Information supplied.
☆ ☆ ☆ ☆ ☆ ☆ ☆
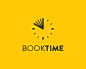 Book Time - Logo Design - Logomark, Logotype, Mark, Clock, Time, Open Book, Pages, Clever, Black, Yellow: 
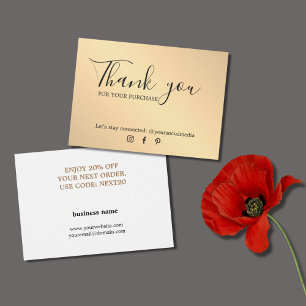 Minimalist Elegant Faux Golden Thank You Coupon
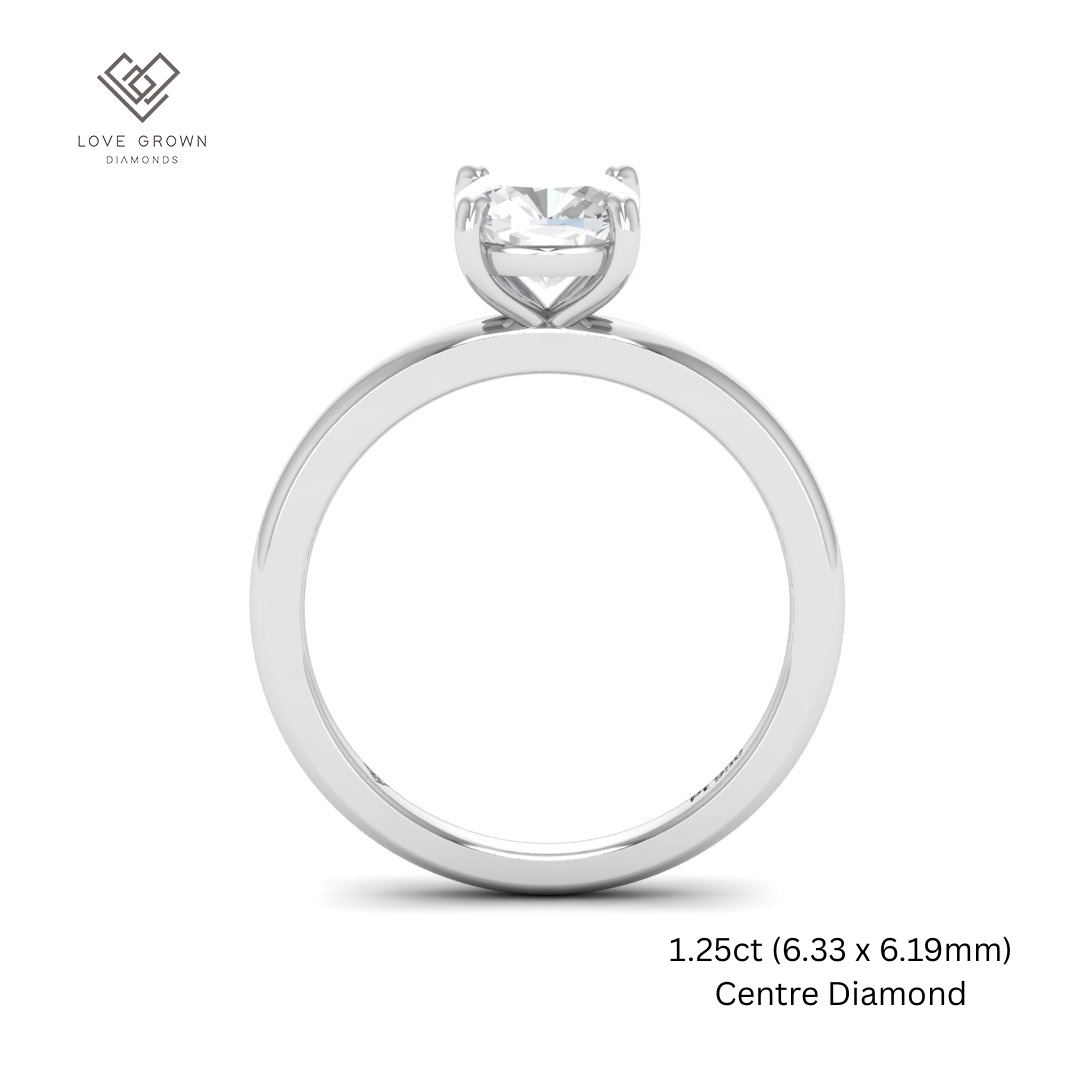 Noémie Solitaire Cushion Cut With Diamond Engagement Ring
☆ ☆ ☆ ☆ ☆ ☆ ☆
Only the pictures in the listing above get left out; print everything else exactly.

Solution to this problem.
 Book Time - Logo Design - Logomark, Logotype, Mark, Clock, Time, Open Book, Pages, Clever, Black, Yellow: 
 Minimalist Elegant Faux Golden Thank You Coupon
 Noémie Solitaire Cushion Cut With Diamond Engagement Ring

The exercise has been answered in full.